The model for such a declaration was, of course, the ultimate Henry VIII clause in the Statute in Restraint of Appeals 1532, which asserts that,

“this realm of England is an empire”.

It did not surprise me when I checked the date of that statute on Wikipedia to find an accompanying side reference to Sir John Redwood calling for the full restoration of our imperial sovereignty by excluding any appeals to any continental court. This clause is about the myths of English identity and history far more than about current practice.

The foreign appeals which the 1532 Act were restraining were to the Pope in Rome, rather than to any political institution. It has often struck me as odd and eccentric that several of the most ardent English nationalists and Brexiteers are right-wing Catholics, some of them converts, who regard the current Pope critically as tending towards a dangerous liberalism rather than the dogmatic orthodoxy that they prefer. They have nevertheless embraced an English doctrine which is rooted in our Protestant Reformation and its rejection of the universalism of the Catholic Church.
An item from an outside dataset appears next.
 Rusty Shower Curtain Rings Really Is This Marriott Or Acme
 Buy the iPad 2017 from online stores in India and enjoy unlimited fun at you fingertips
Since the 16th century, the doctrine of sovereignty has evolved a great deal and been the subject of a great deal of scholarship, some of which I had to teach when a university teacher. As Dutch, Danish, English and other lawyers have argued, national sovereignty is embedded in a framework of international law, which is necessary to enable trade and peaceful interchange among nation states. Under our system of parliamentary sovereignty, trade agreements and treaties have to be transposed into domestic law, but Parliament accepts that it cannot renegotiate what the Government have agreed and that international treaties therefore limit absolute parliamentary sovereignty. That is why it is inconsistent with any coherent doctrine of parliamentary sovereignty for a Government to neglect to carry Parliament with them as they negotiate major treaties which have significant implications for domestic law and domestic economic life.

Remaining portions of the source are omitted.